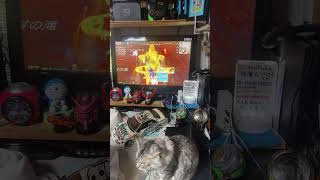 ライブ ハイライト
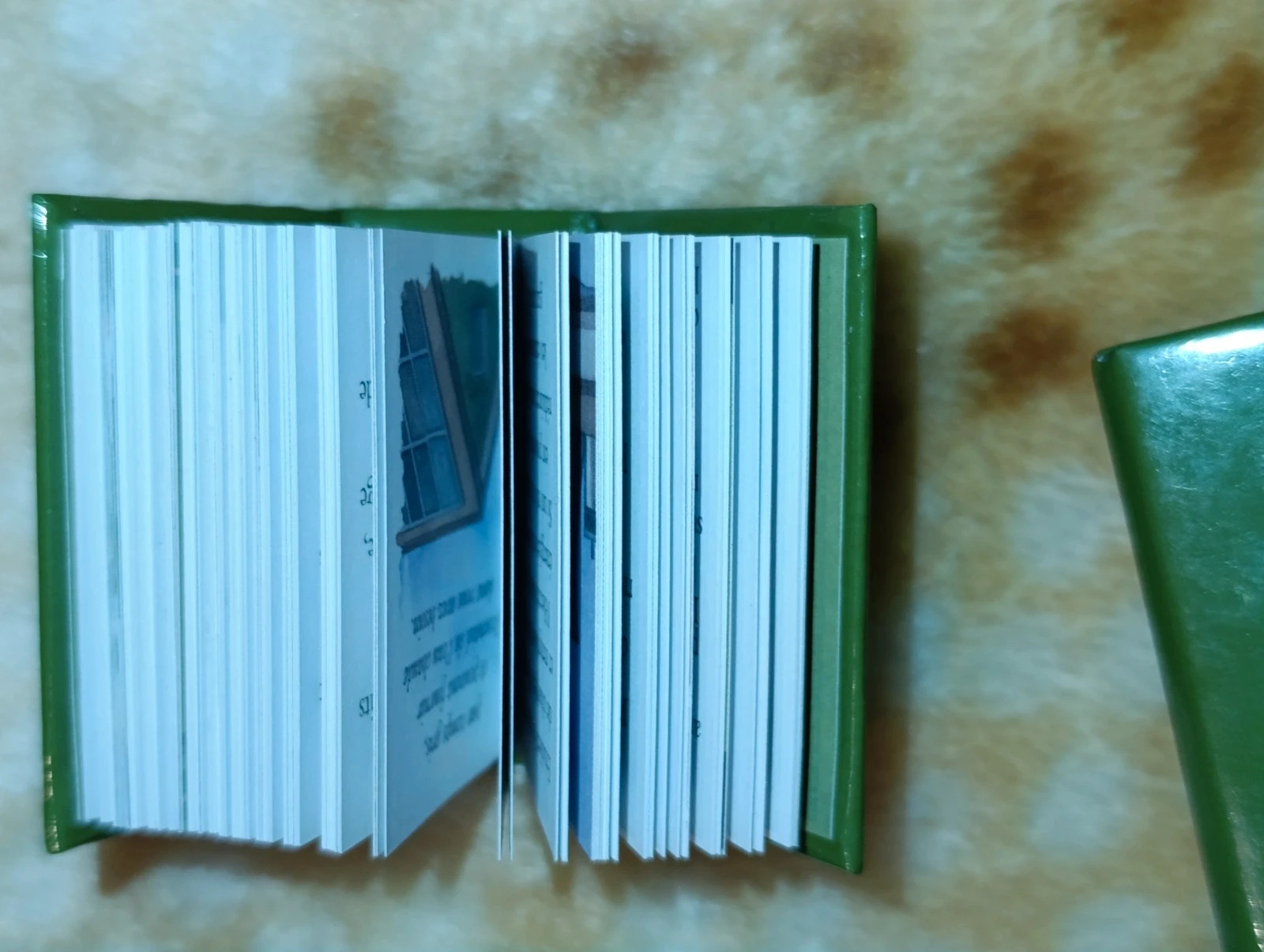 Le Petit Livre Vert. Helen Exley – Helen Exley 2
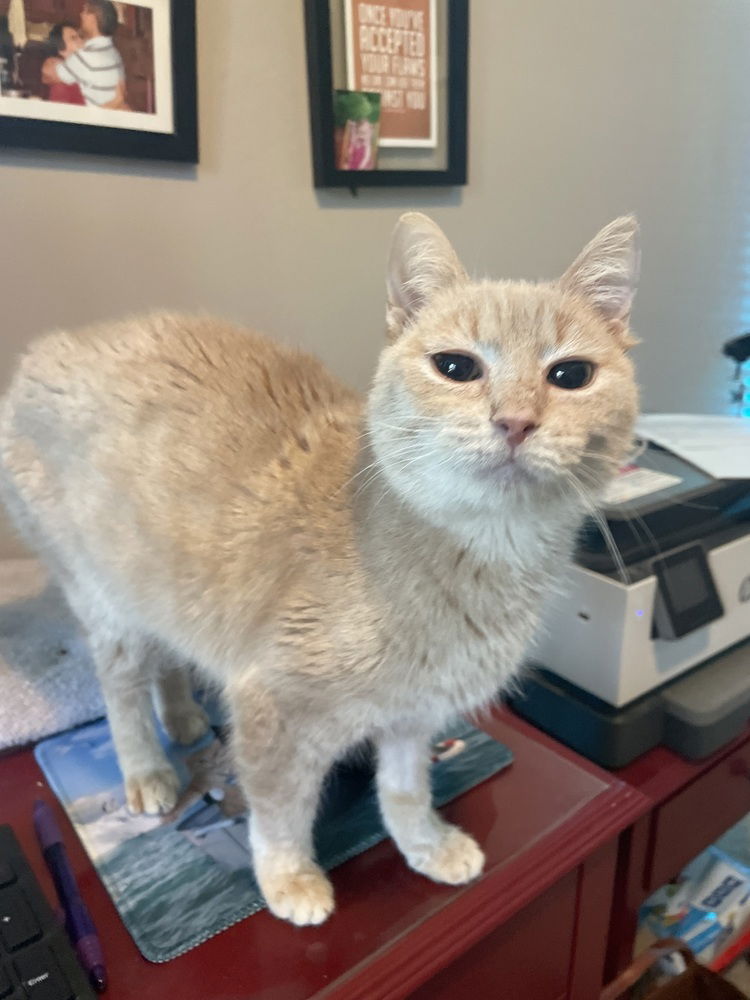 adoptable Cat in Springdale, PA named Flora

Work instruction: The listing above, line by line: print it exactly, but not its pictures.

Answer for this exercise:
 ライブ ハイライト
 Le Petit Livre Vert. Helen Exley – Helen Exley 2
 adoptable Cat in Springdale, PA named Flora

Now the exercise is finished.